17 Aug 2012

Quick, someone get me a Gantt chart

  • Project Management

Project Management CartoonThere is a great misconception that once you have a Gantt chart, you’ve cracked it, you have a plan and the project management for your business critical project is done. Even in today’s business world, I am not always convinced that everyone really understands the significant role that the Gantt chart plays in managing projects.

Ok, so if it’s not just about producing a set of visual boxes, calling it the project plan and flashing it off at the next executive meeting, what is so special about the Gantt chart?

The Gantt chart is actually a very powerful tool for managing the progress of a project and if used effectively, can provide sufficient warning of project slippage.

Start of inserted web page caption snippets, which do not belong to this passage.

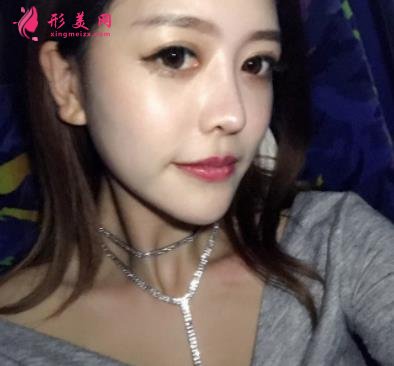 郑大一附院整形科做鼻子怎么样?医生案例及价格价目表公开反馈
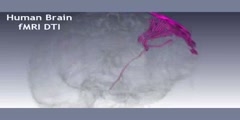 Human Brain Magnetic Resonance ( Diffusion Tensor Imaging)
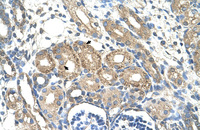 Anti-BSDC1 Rabbit Polyclonal Antibody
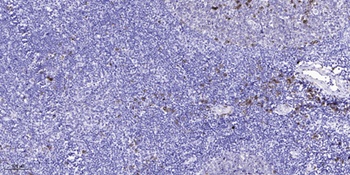 cGKII (phospho-Ser126) antibody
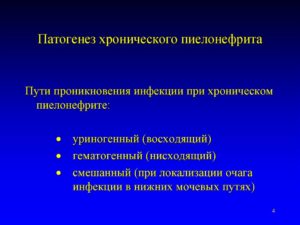 Восходящий путь инфицирования при пиелонефрите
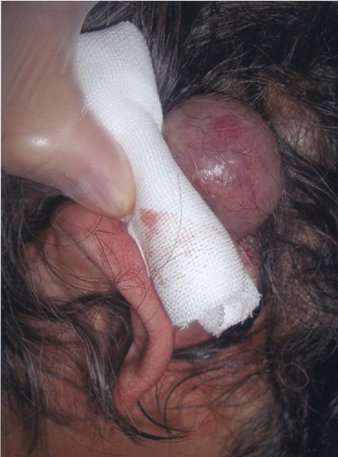Embolizare preoperatorie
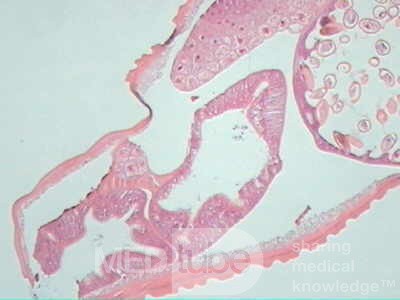 Trichuris Trichuris (whipworm) (10 of 19)
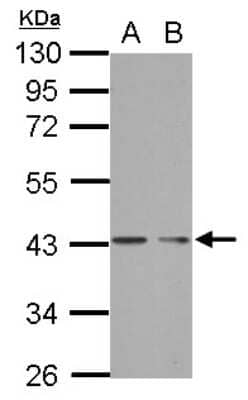 Western Blot: PHF7 Antibody [NBP2-19800]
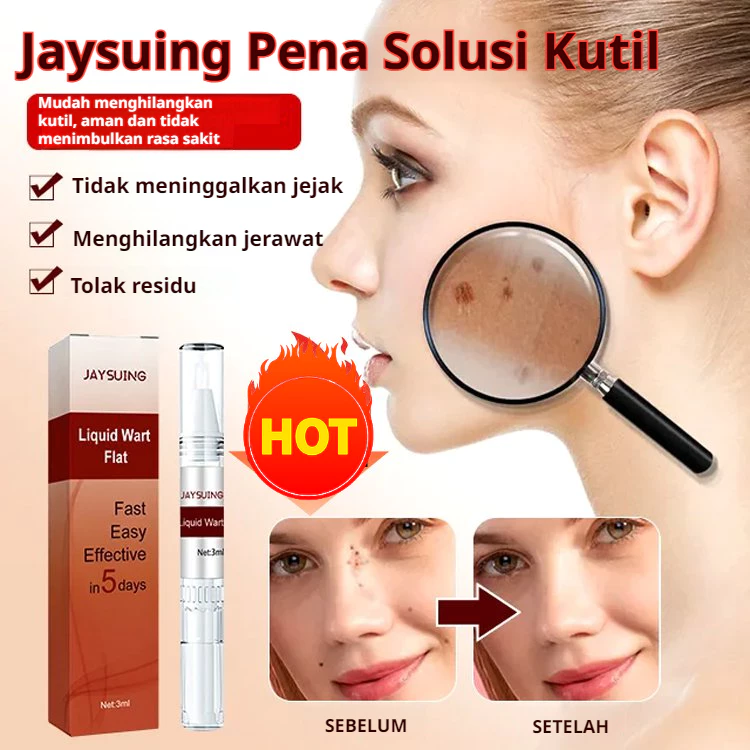Wart Removal Cream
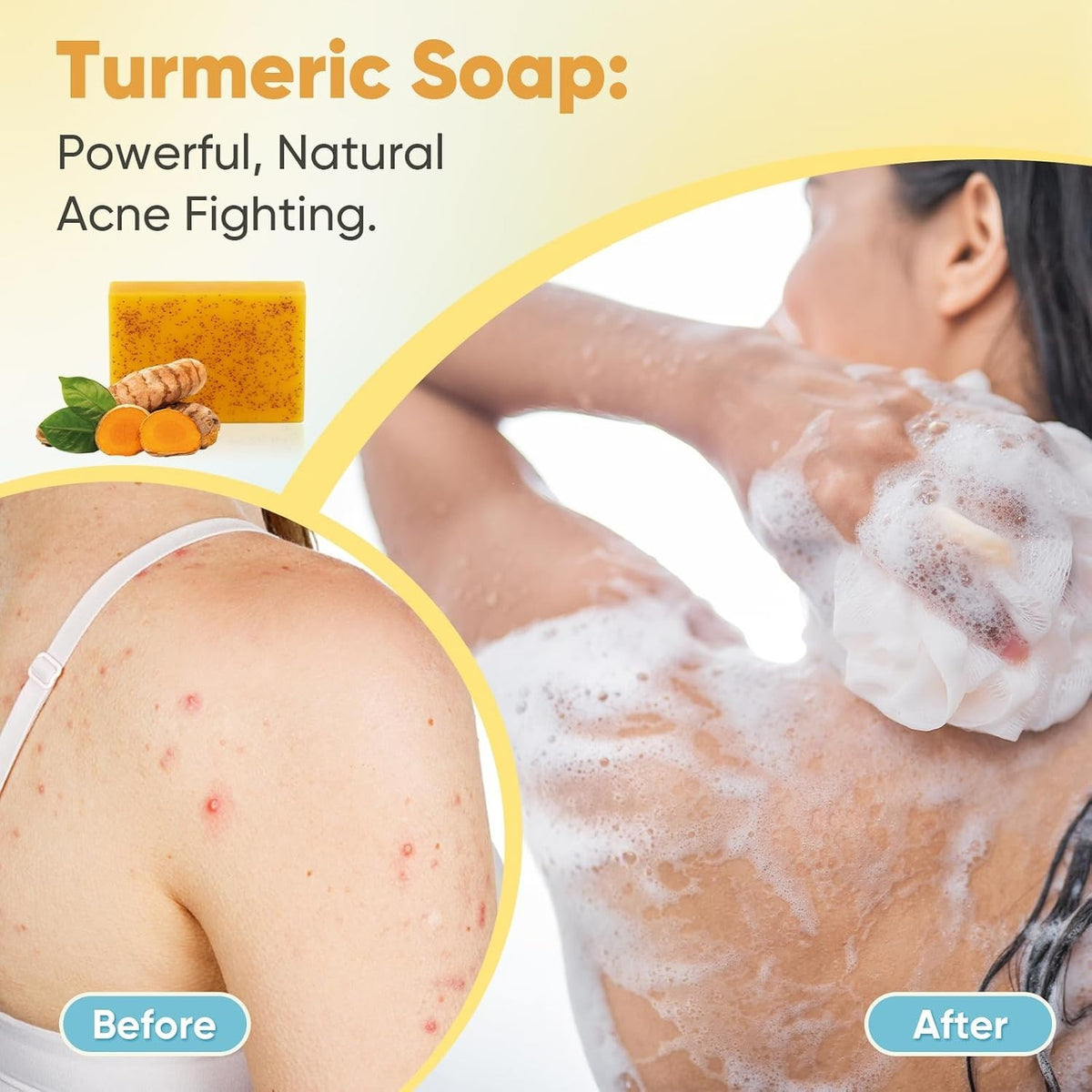 Turmeric & Kojic Acid Face Soap for Acne & Brightening - 5 Bars 3.5 Oz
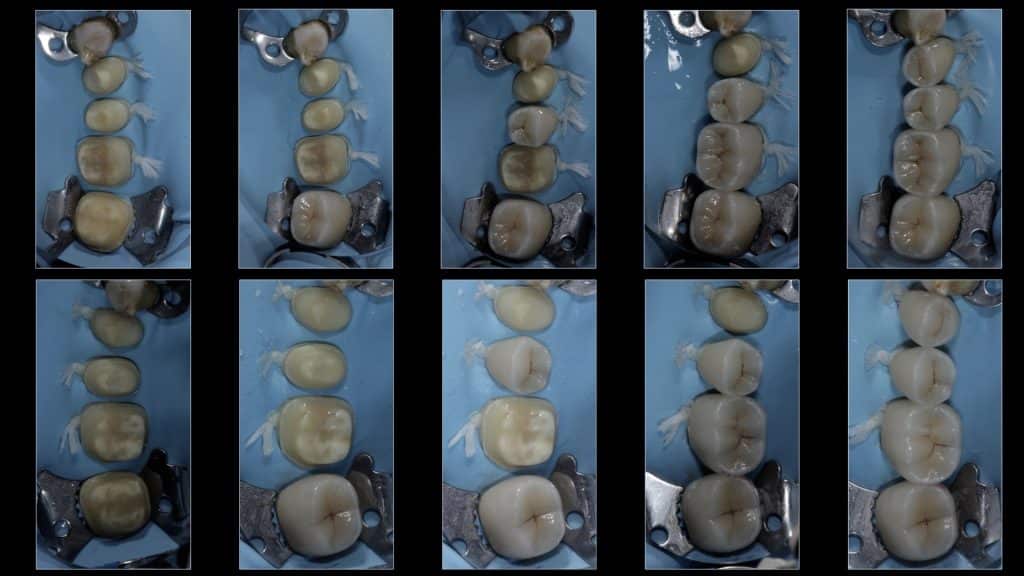 zerodonto aggiornamento.015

It can help the project manager plan out the tasks that need to be completed by providing:

  • A basis for scheduling when tasks will be carried out
  • The ability to plan the allocation of resources needed to complete a project
  • Help the project manager to work out the critical path for a project set against a specific timeline

A Gantt chart provides a visual image of the critical path for a project plan. This critical path provides a quick overview of the dependencies within an entire project and it helps project managers focus on the most important tasks that could delay a project's completion.

An essential concept behind project planning (and Critical Path analysis) is that some activities are very dependent on other activities being completed first. A good analogy for this concept is to think along the lines of:

‘It’s not possible to paint the wall in your house until you have a bought the paint, got a paintbrush and opened the paint tin’


These dependent activities need to be completed in a sequence, with each stage being completed before the next activity can begin. These dependent activities are called ‘sequential' or 'linear'.

Other activities may not be dependent on completion of any other tasks and these can be done at any time before or after a particular stage in the project is reached. These are called nondependent or 'parallel' tasks and when a project is under way, Gantt charts are useful for monitoring project progress as you can immediately see what should have been achieved at any given point in time.

In summary, with applied logic the Gantt chart is a powerful tool and should be in every project manager’s toolkit for effective project management.